As you may or may not be aware, back in October I blogged about my initial forays into attempting to manoeuvre a car without it resulting in an explosion of some sort, and aside from gaining extensive experience in how to endanger human lives, the only thing I’ve learned is that spending £800 of your money, four and a half months of your time, and an infinite amount mentally pissing on your self-respect doesn’t guarantee you the ability to move a car from A to B. Given how much I despise anything to do with cars – most intensely the people who drive them – the likelihood of me picking up the basics of driving straightaway wasn’t high at all. And let me tell you it was nowhere near as high as how my instructor’s voice gets when he shrieks in terror whenever I nervously approach a junction and I get my feet muddled up resulting in me slamming my foot down on the accelerator instead of the brake.
Literally everyone I spoke to before I started learning to drive confidently asserted that one day everything I’m being told during my lessons would just ‘click’ into place like some magic spell that would wondrously transform me into the mentally-agitated equivalent of Lewis Hamilton, but without the money and annoying disposition. Once everything ‘clicks’, I was told, then it’s just a case of improving with each lesson, the instructor would ‘put you forward for your test’, whatever that means, and then it would only be a matter of time before I joined the mass throng of impatient, self-centred, obnoxious arseholes that currently patrol the UK’s roads in their metal coffins. In theory it sounded simple. In reality it was an exercise in complete and utter incompetence.
Never have I been as bad at anything as I am at driving. Or at least attempting to drive. Though maybe that’s overstating it a bit as I’m pretty abysmal at anything to do with numbers. Once, during my GCSE Mathematics examination when I was 16, I opened the test booklet that contained the sums that would potentially shape my future, took one horrified look at the jumbled array of figures looking back at me, wrote ‘I give up’ on the front of the paper then quietly went to sleep for the remainder of the exam. Comparatively, I’m far worse at driving than I am at attempting to negotiate a page of angry-looking numbers, figures and fractions. My family and friends think I’m exaggerating how woeful I actually am but let’s take a look at the evidence:
Previously, I’d mentioned I was eight lessons of driving tuition in, sixteen hours in total, and during that time I’d been told how to start the car, change gear, pull away, stop, reverse, and what to do at roundabouts and junctions. In the following weeks and lessons (and let me state for the record that there’s been another twelve of the bastards which amounts to a grand total of forty hours of driving tuition), I’ve been informed of parking, reverse parking, parallel parking, three-point turns, overtaking and absolutely loads more that went in one ear and out the other. Of the six basics of driving that I’ve stated (starting the car, changing gear etc) the only thing I can do with any degree of ease and confidence is stop the car.
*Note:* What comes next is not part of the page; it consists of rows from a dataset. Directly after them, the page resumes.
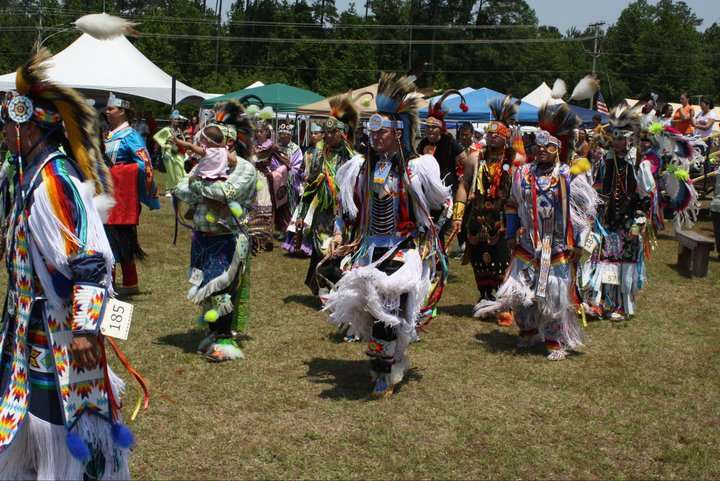 Native Americans Moon Dance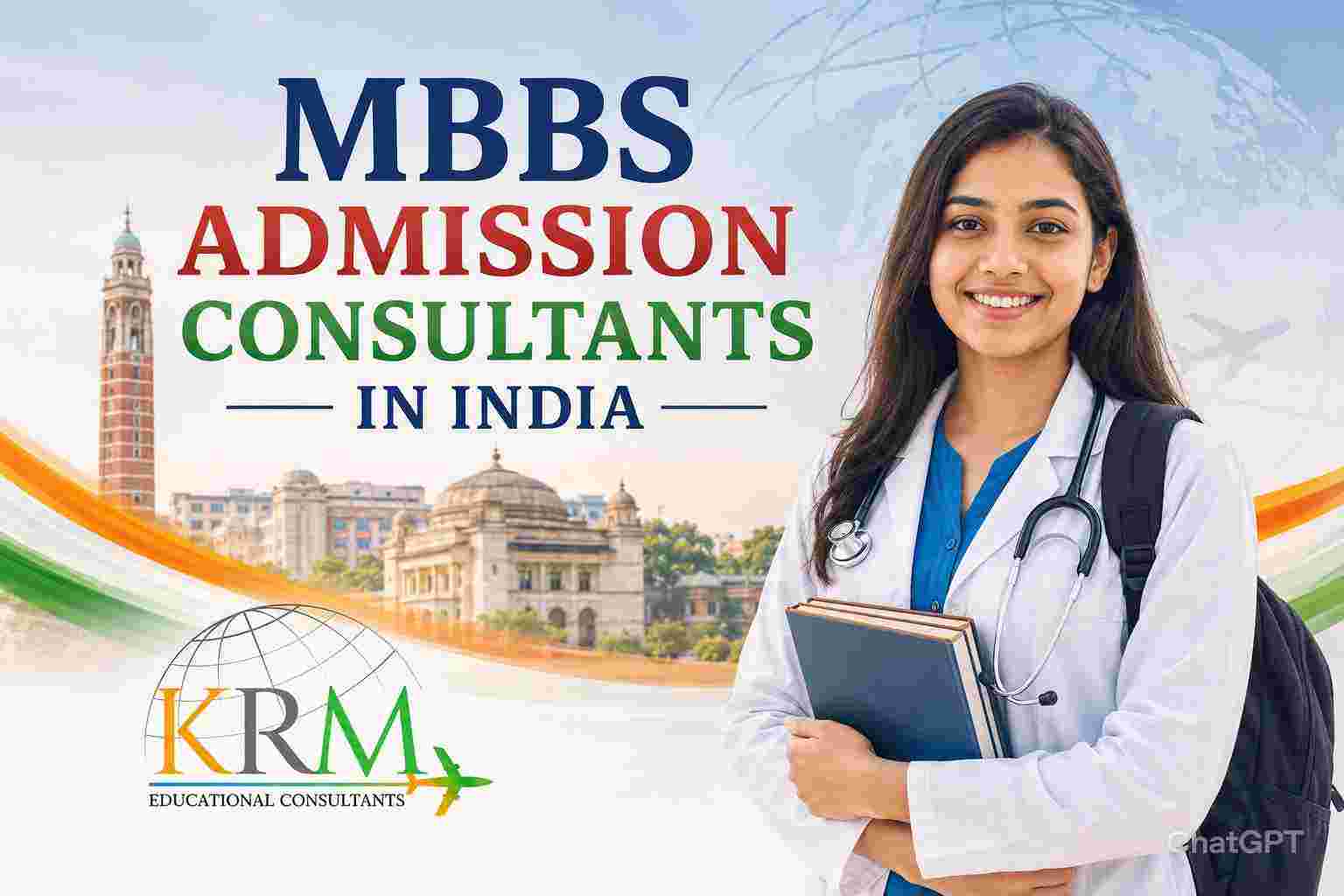 MBBS Admission Consultants in India with KRMConsultants
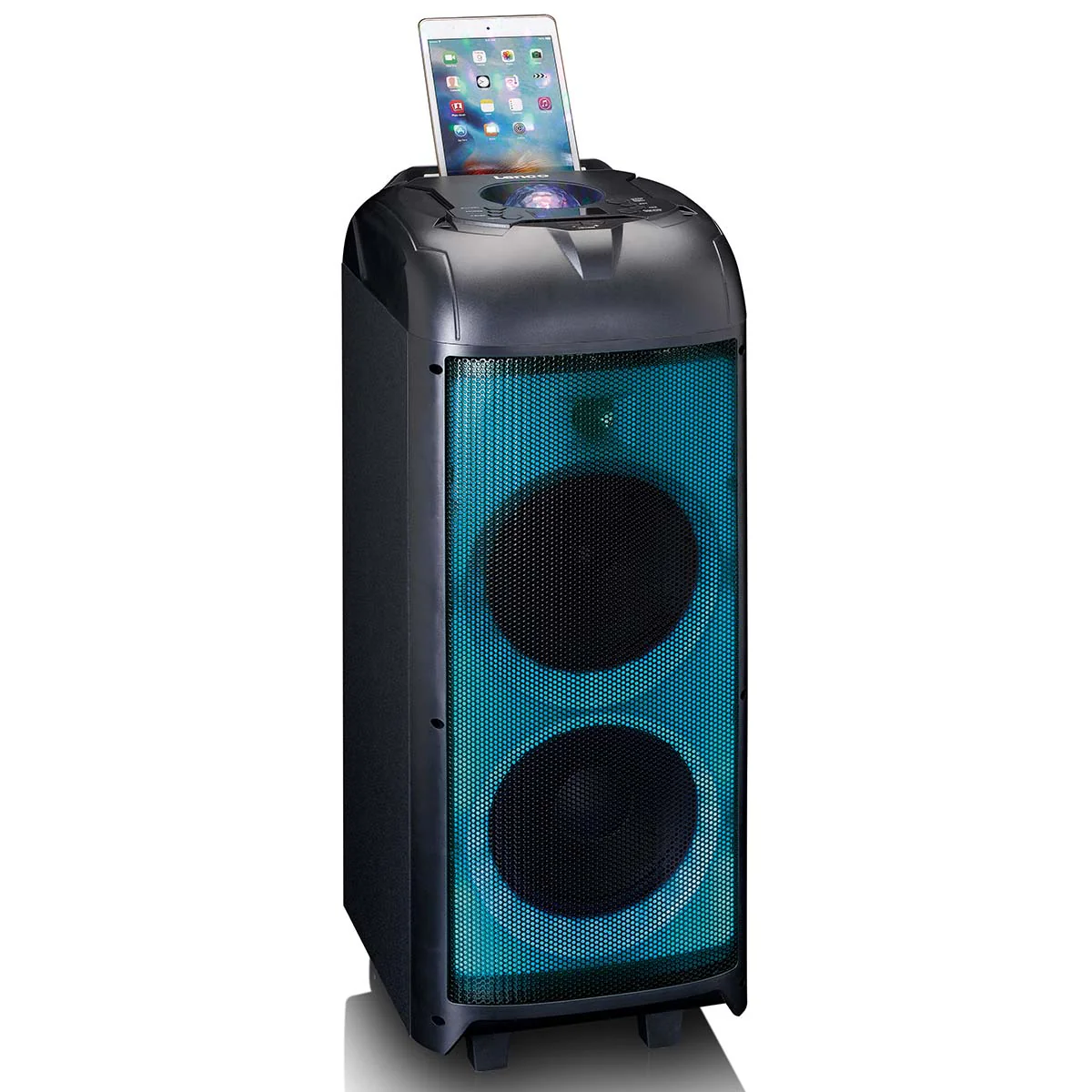 LENCO PA-260BK - PA met front LED verlichting en disco bal - Image 19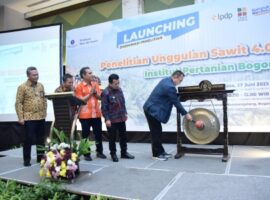 ipb university launching tiga inovasi hasil penelitian unggulan sawit 4.0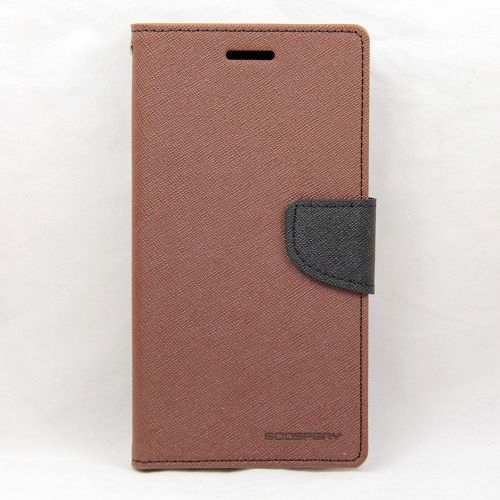 Samsung Note 4 Goospery Fancy Diary, Marron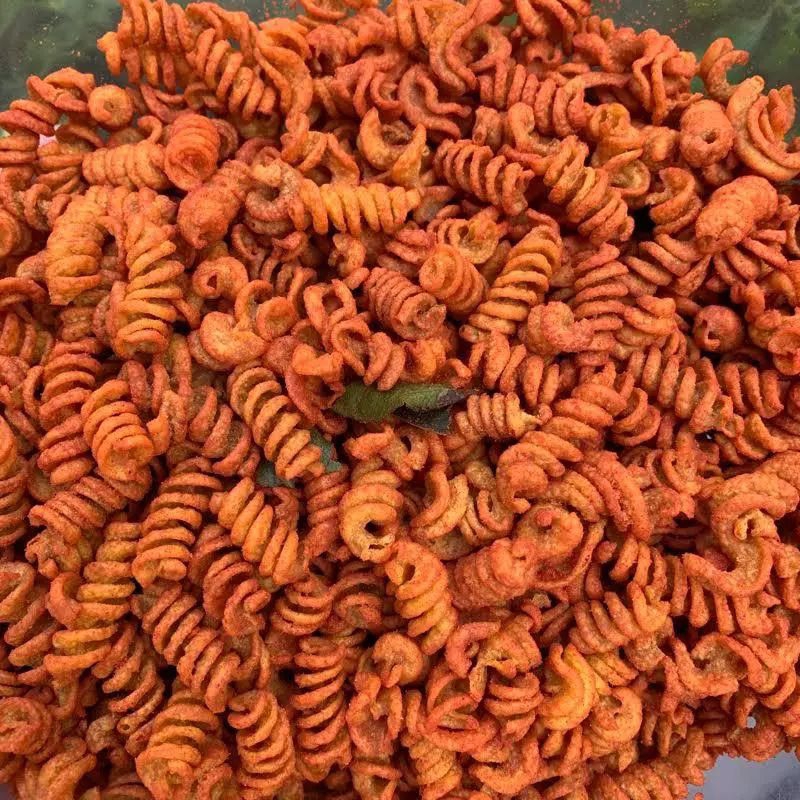 

Makaroni Spiral Pedas Daun Jeruk Asin Gurih Fusili Snack Makroni Ulir 150 gr 250 gr Makanan Ringan Basreng Kerupuk Seblak Kiloan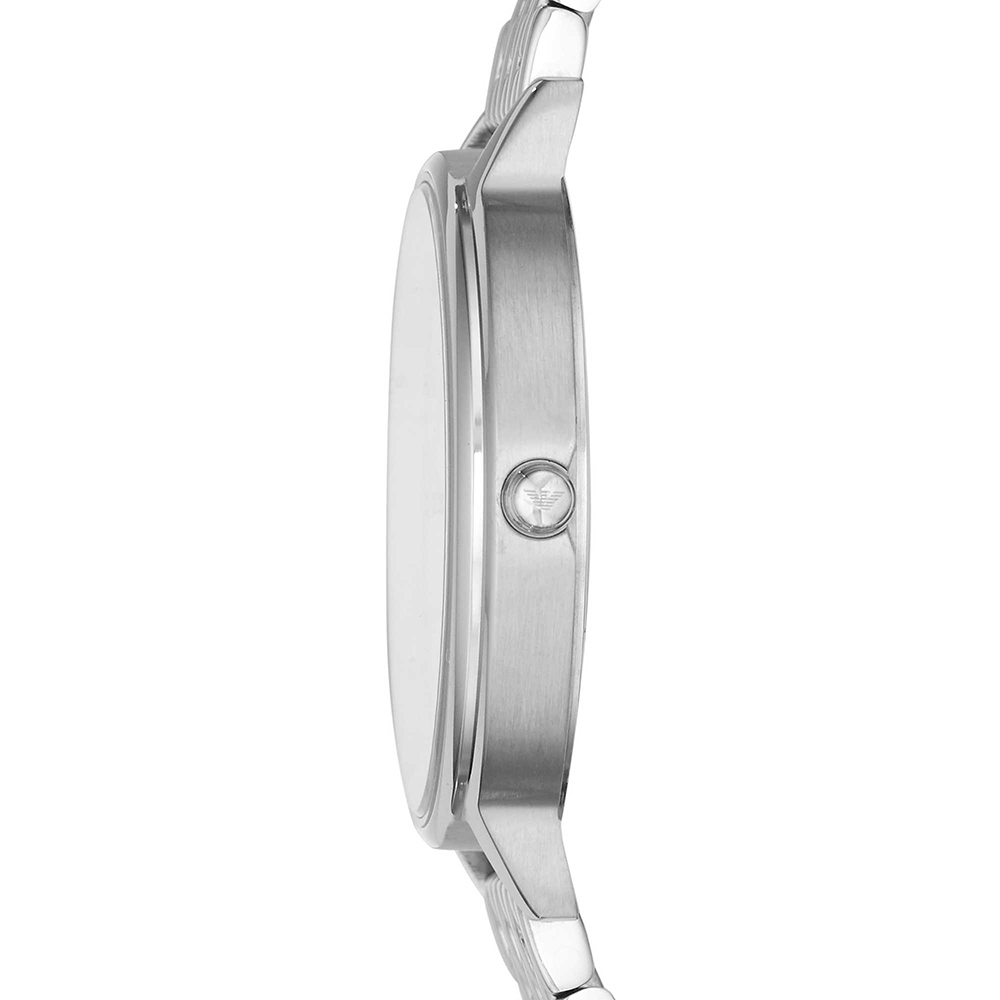 Emporio Armani AR11112 zegarek srebrny fashion/modowy Ladies bransoleta - miniatura 5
And that involves such a sudden thump on the brake pedal that it regularly causes my poor girlfriend in the passenger seat to lurch forward and only narrowly avoid knocking herself clean out on the windscreen by the car immediately rolling backwards and throwing her back into her seat because of my inability to apply the handbrake before I release the brake pedal.
As for the others, where do I start? I routinely lock the steering wheel when attempting to start the car which, bizarrely, causes me to stare absently into the middle distance, my gear changes involve two hands and a struggle that suggests I’m stabbing somebody to death, and my approaches to roundabouts are guaranteed to include the phrase, ‘WHAT THE FUCK DO I DO NOW?!’ as happened seven times when out and about with Laura the other day. And my parking? Call me naive, but when I first decided to learn to drive I never thought parking would entail driving into a car park, stopping the car, getting out, then watching as your girlfriend did it for you.
Additionally, I regularly go into what I call ‘shit-my-pants mode’ in which my brain disengages function with the rest of my body and I kind of freeze and loll about as the car cruises at 50mph towards a red light. I’m only jolted out of this psychological death-hold by my instructor screaming that now is the time we’re going to die. And let’s not forget I’m twenty lessons in. That’s forty sodding hours. That’s eight hours a day for five days, and I’m still no further forward from where I was after lessons three, four and five. It would be infuriating if it wasn’t so depressing.
My biggest problem by a substantial distance, however, is pulling away after I’ve stopped at a junction. It’s literally blind luck if I do it right. Just the other day I stalled three times attempting to pull onto a busy roundabout, screamed a bit, then the car kind of shut down and just rolled forward into speeding traffic with me helpless and clueless to do anything. I never, ever, ever thought that one day I would class driving to the local shop as an extreme sport.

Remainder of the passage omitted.